Apache Ambari is an open source tool from Apache family which is used in building, monitoring, provisioning the Apache Hadoop cluster.

Apache Hadoop:

Apache Hadoop is an open source framework from Apache family which is used for large mass of data analysis. It is a Massively Parallel processing analytical tool. Apache Hadoop cluster is a commodity cluster.
Apache Hadoop is a framework where you can store large mass of data and make your analysis on it. We have many other tools which are comes under Hadoop Ecosystem. And you can make use of the tools for the analytics and storing the data. We will discuss about the tools later (Refer Topic Happiestminds).

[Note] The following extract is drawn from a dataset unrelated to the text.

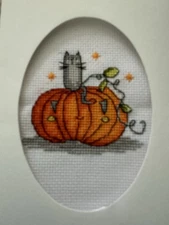 COMPLETED FINISHED CROSS STITCH CARD "PUMPKIN KITTY”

Bunch of machines connected through network is called as a cluster. Communication between each machine is happened using Switch. Switch contains 24 ports which are minimum and most of the companies use 48 port switches in their clusters.
A switch with 48 ports and with 2 GB network switch costs you Rs.15000 this is where you have to make you choices for the performance of the cluster. There are many other factors which impacts on the cluster performance which we will discuss later.


Rack is which hold the bunch of machines in single place. We will need to have multiple racks for building a Hadoop cluster. Where in here we are not using this rack for now since this is just a five node cluster (small cluster).


This is the cluster name which we will discuss now. Happiestminds is the cluster which is built by using Apache Ambari.
Happiestminds cluster has five nodes one acts as master node and rest of four acting as slave nodes.
Happiestminds has most of the Hadoop ecosystem tools in it. The list of tools is as follows.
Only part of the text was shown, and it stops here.